Gist:The story of the brave 17 who survived 45 minutes trapped in a lift with thinning air and flickering lights before people came to their aid but not before they hatched a brilliant plan to escape monday misery.
The story:.....There was no room for panic in that lift
. We were having so much fun. I mentally crossed out one more on my LIST-OF-THINGS - TO-DO-BEFORE-I-DIE list. Only three people panicked a bit. One of them panicked a lot. Vignesha was his name.
"Dudes..all of you don't talk much da. You'll breathe in more air"
( Which movie did he get that from??)"All of you switch off your cell phones da. Only one of you keep his on. Battery save pannalaam."
(Oh yea why don't you do yoga for consuming lesser air too?? What was he thinking?? Staying there for 5 days??)Thank heavens some of them had their mobiles with them.

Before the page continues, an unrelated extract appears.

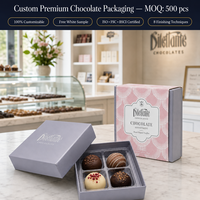 Boîte d'emballage rigide en carton pour bonbons de mariage, boîtes cadeaux personnalisées en papier pour chocolats, boîte à biscuits carrée à 4 compartiments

Different songs played on the many Nokias and sonys. People danced. We looked as drenched as dogs int he rain. So much sweat. Confined space you see. The fan also had stopped running and one of the emergency lights went out too. Time for a collective cheer!
That's when we decided too much fun is senseless and called a friend for help. We also called the infodesk. They had summoned the people concerned who had to come all the way from the power house ( wherever that was ). The time was 10 45. 15 minutes had passed.
15 minutes later...
We heard sounds of people working. We called up a friend and told him we were suffocating ust to make the work go on quicker!! :P. The poor fellow told that to the workers and immediately after he finished talking they heard sounds of whislting from inside the lift . " oh yea suffocating people whistle and dance about!!!"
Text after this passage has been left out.